WORK INSTRUCTIONS - Exactly the lines below, starting with the one containing "voltage substation. Electrical" and going on through the one containing "CD-ROM ja CD-R/RW", must be reproduced, both ends included, and no pictures with them.

DATA PROVIDED -
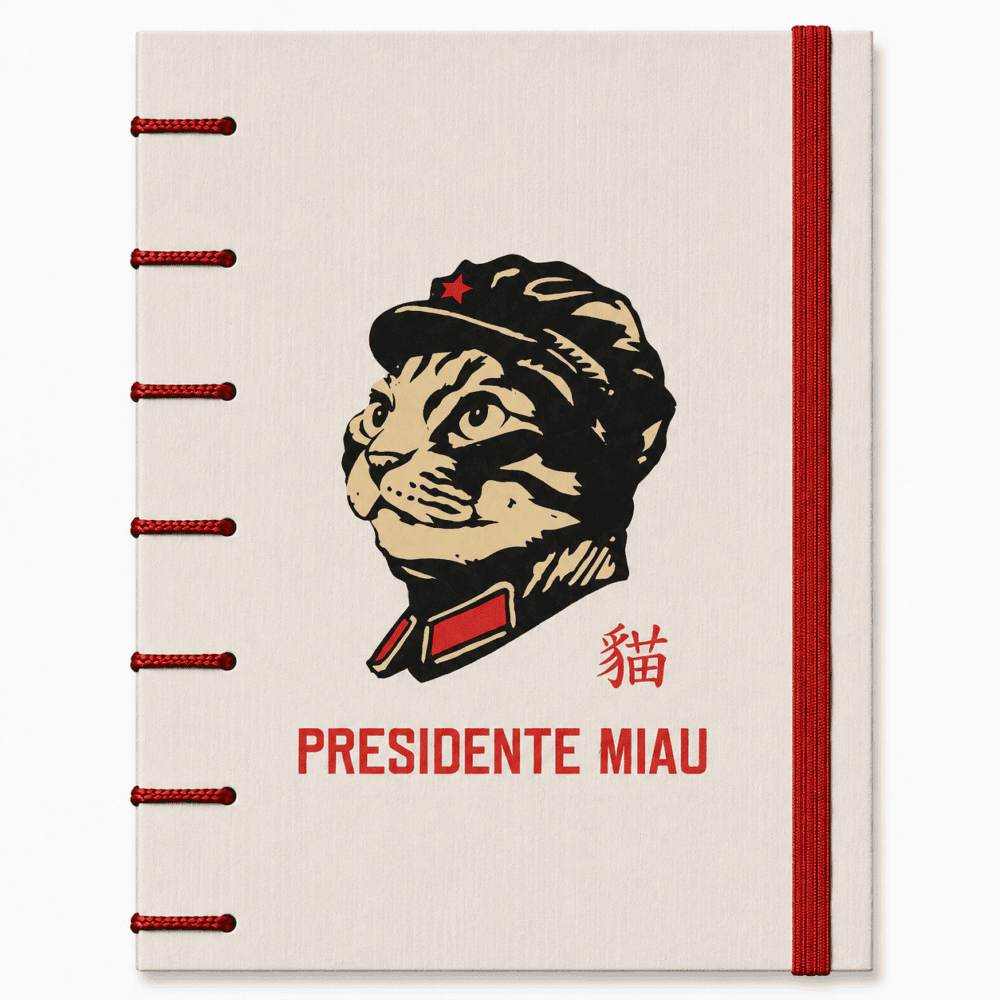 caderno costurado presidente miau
---
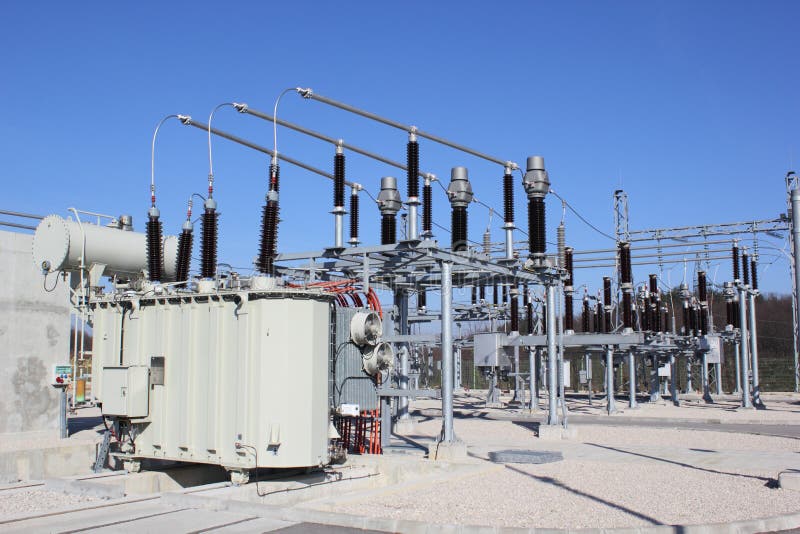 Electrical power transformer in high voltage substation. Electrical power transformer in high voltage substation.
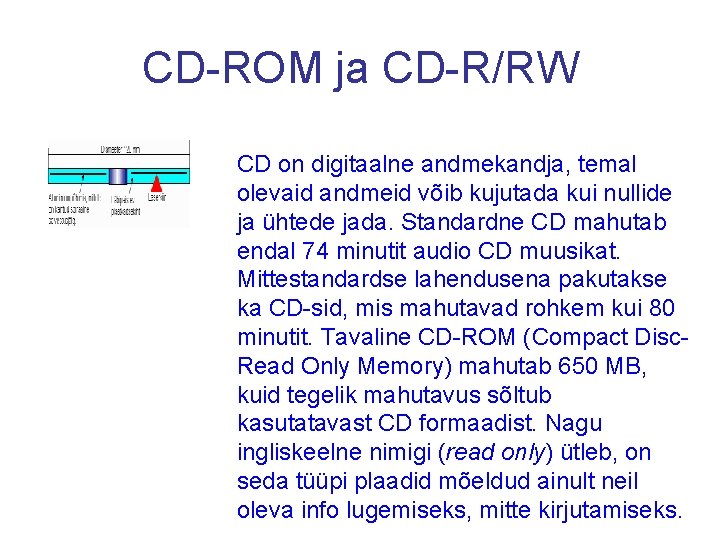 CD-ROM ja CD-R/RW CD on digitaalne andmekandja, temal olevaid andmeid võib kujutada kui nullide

FINISHED TASK -
 Electrical power transformer in high voltage substation. Electrical power transformer in high voltage substation.
 CD-ROM ja CD-R/RW CD on digitaalne andmekandja, temal olevaid andmeid võib kujutada kui nullide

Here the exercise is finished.